■ **MATERIAL FOR THE TASK**:
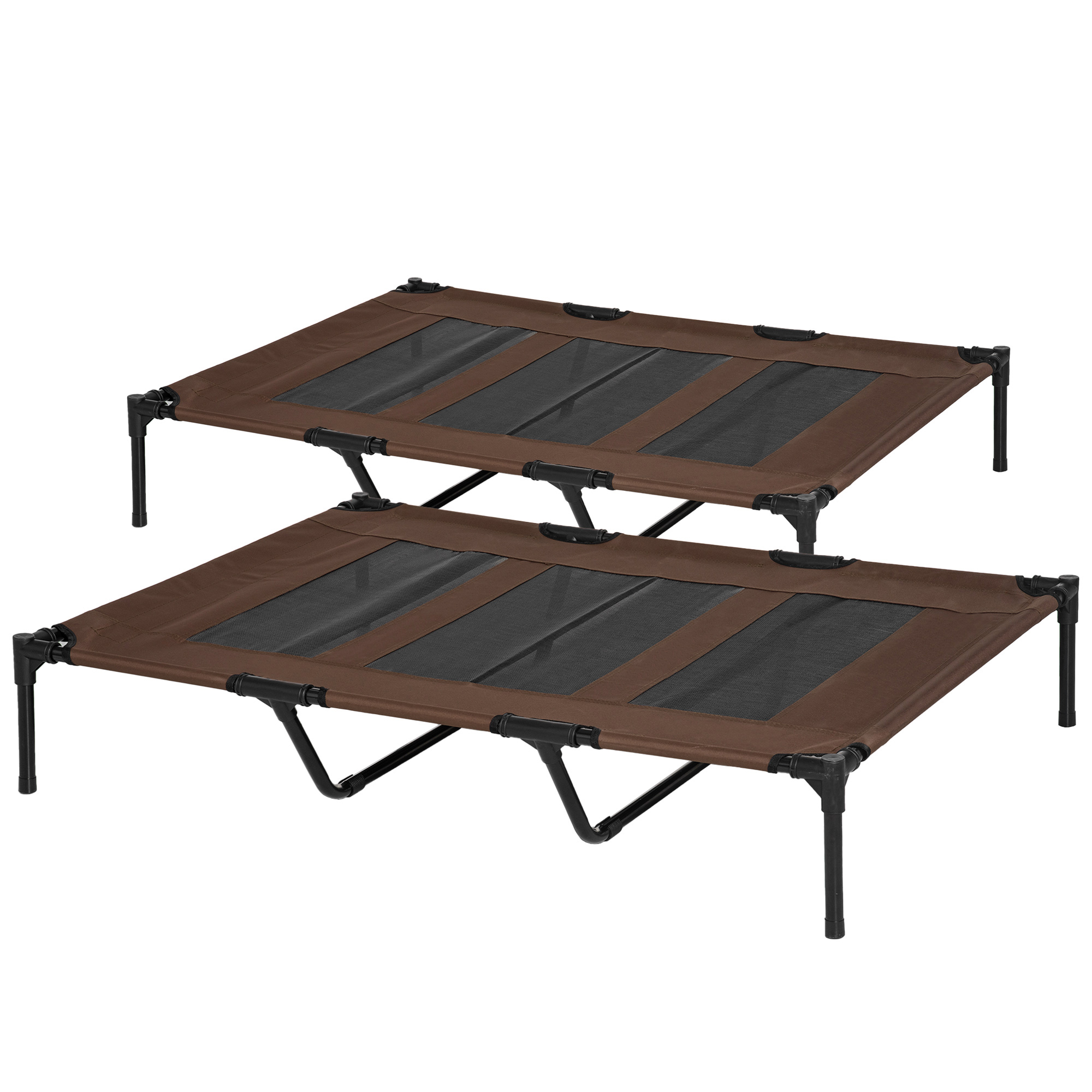 Comparer les prix de PawHut Lot de 2 Lits sur pieds XXL pour chien chat lit de camp animal 122L x 92l x 23H cm marron clair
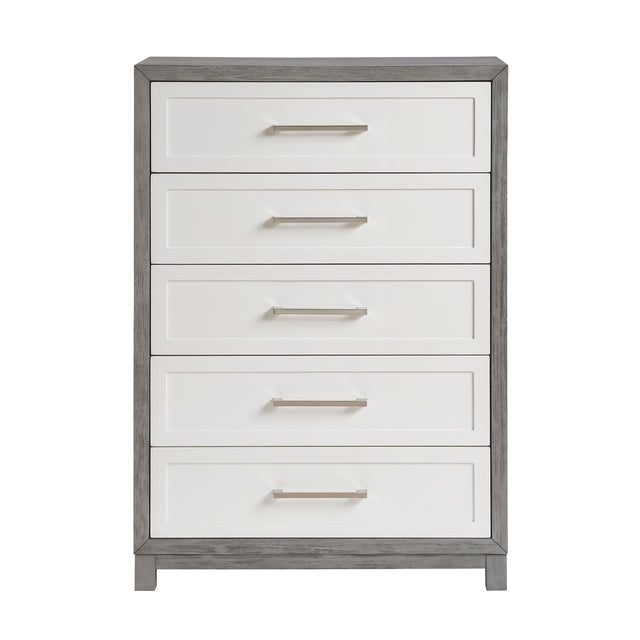 Five Drawers Chest Ivory and Gray Finish Bedroom Furniture 1pc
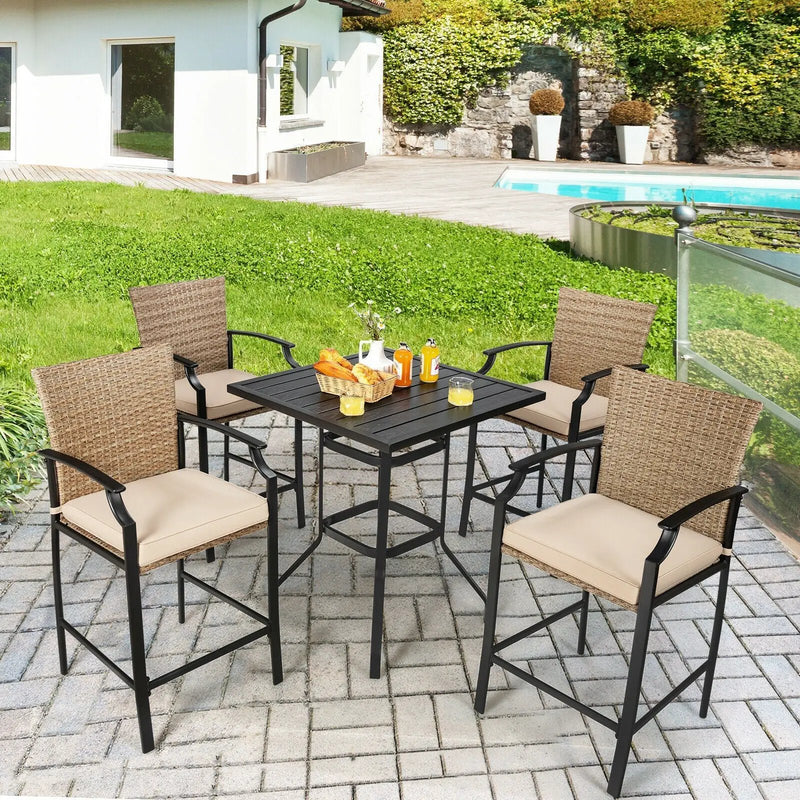 Patio Rattan Bar Stools Set of 4 with Soft Cushions by DirectDeals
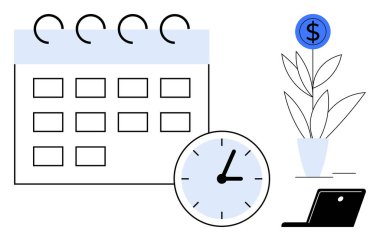 Takvim, saat, dizüstü bilgisayar ve dolar işaretli bitki takvimi, verimliliği, zaman takibi, finansal büyüme organizasyonunu sembolize ediyor. İş stratejisi için ideal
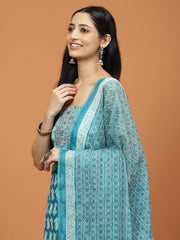 Printed Cotton Unstitched Suit Piece With Dupatta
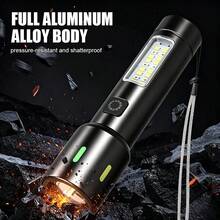 1pc Telescopic Zoom Dual-Light-Source Outdoor Flashlight - Type-C Charging, Super Bright & Long Endurance - Style a - View 11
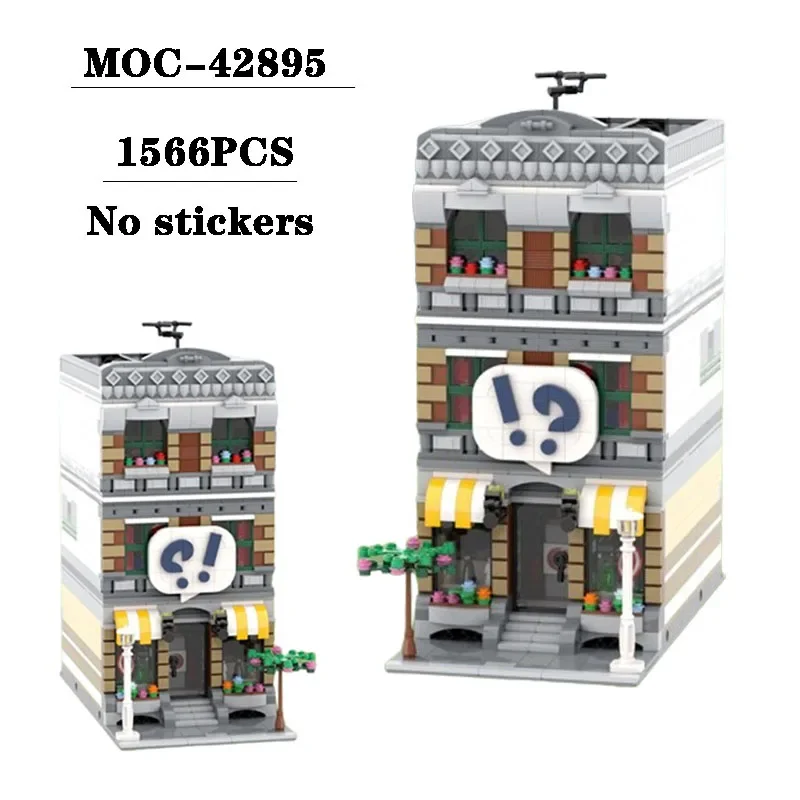 Building Block MOC-42895 Modular Comic Store Apartment Model 1566PCS Adult and Children's Birthday Christmas Toy Gift Decoration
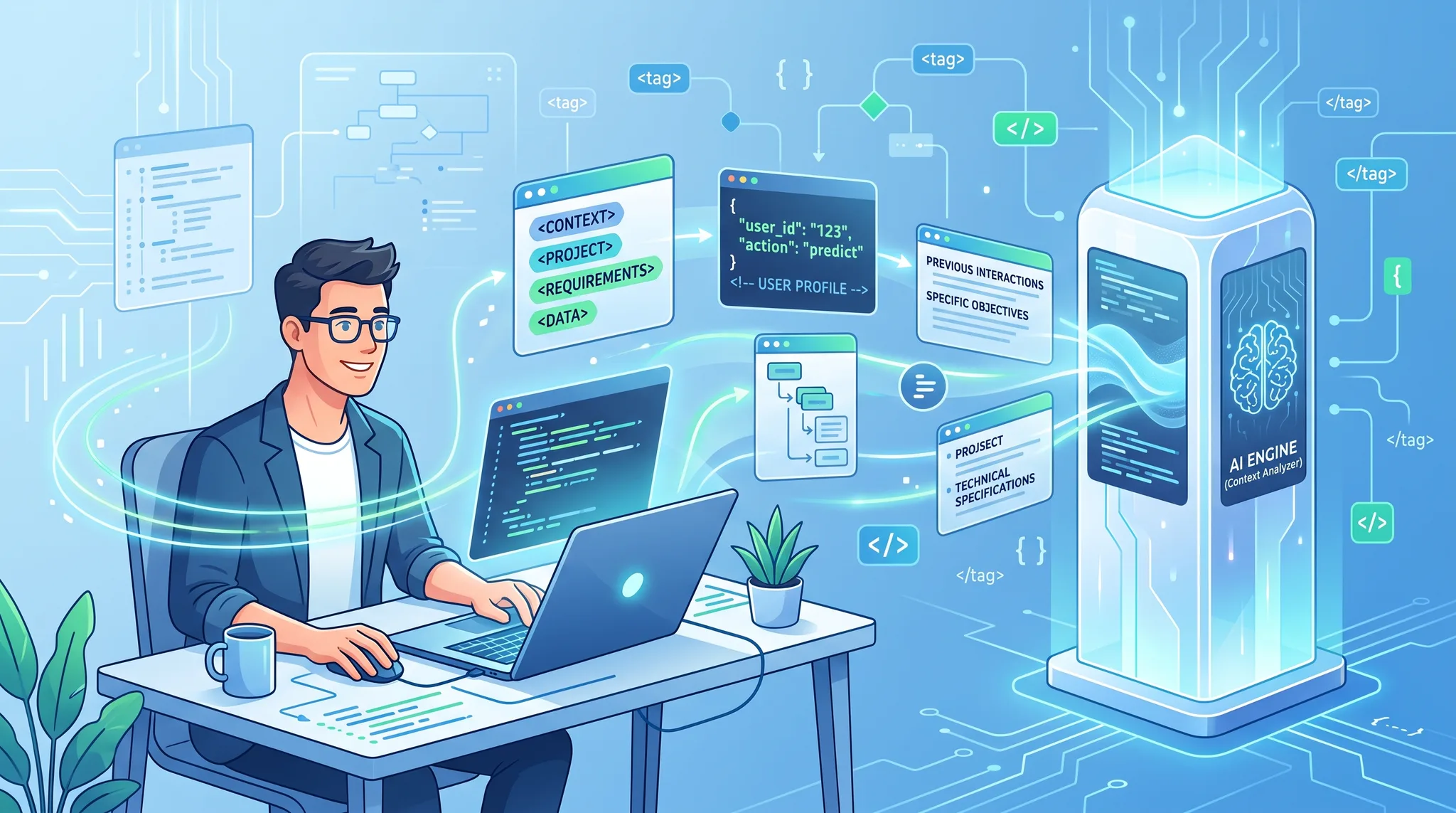 Ilustrasi developer memberikan instruksi terstruktur kepada AI assistant dengan cara efisien dan ringkas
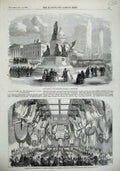 Old Antique Print 1856 Wellington Memorial Manchester Earl Cardigan Stock 19th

■ **WORK TO COMPLETE**: Take the line that contains "1pc Telescopic Zoom" and every line after it down to the last line of the entries above, and output them exactly, with nothing else and no pictures.

■ **SOLUTION FOR THIS EXERCISE**:
 1pc Telescopic Zoom Dual-Light-Source Outdoor Flashlight - Type-C Charging, Super Bright & Long Endurance - Style a - View 11
 Building Block MOC-42895 Modular Comic Store Apartment Model 1566PCS Adult and Children's Birthday Christmas Toy Gift Decoration
 Ilustrasi developer memberikan instruksi terstruktur kepada AI assistant dengan cara efisien dan ringkas
 Old Antique Print 1856 Wellington Memorial Manchester Earl Cardigan Stock 19th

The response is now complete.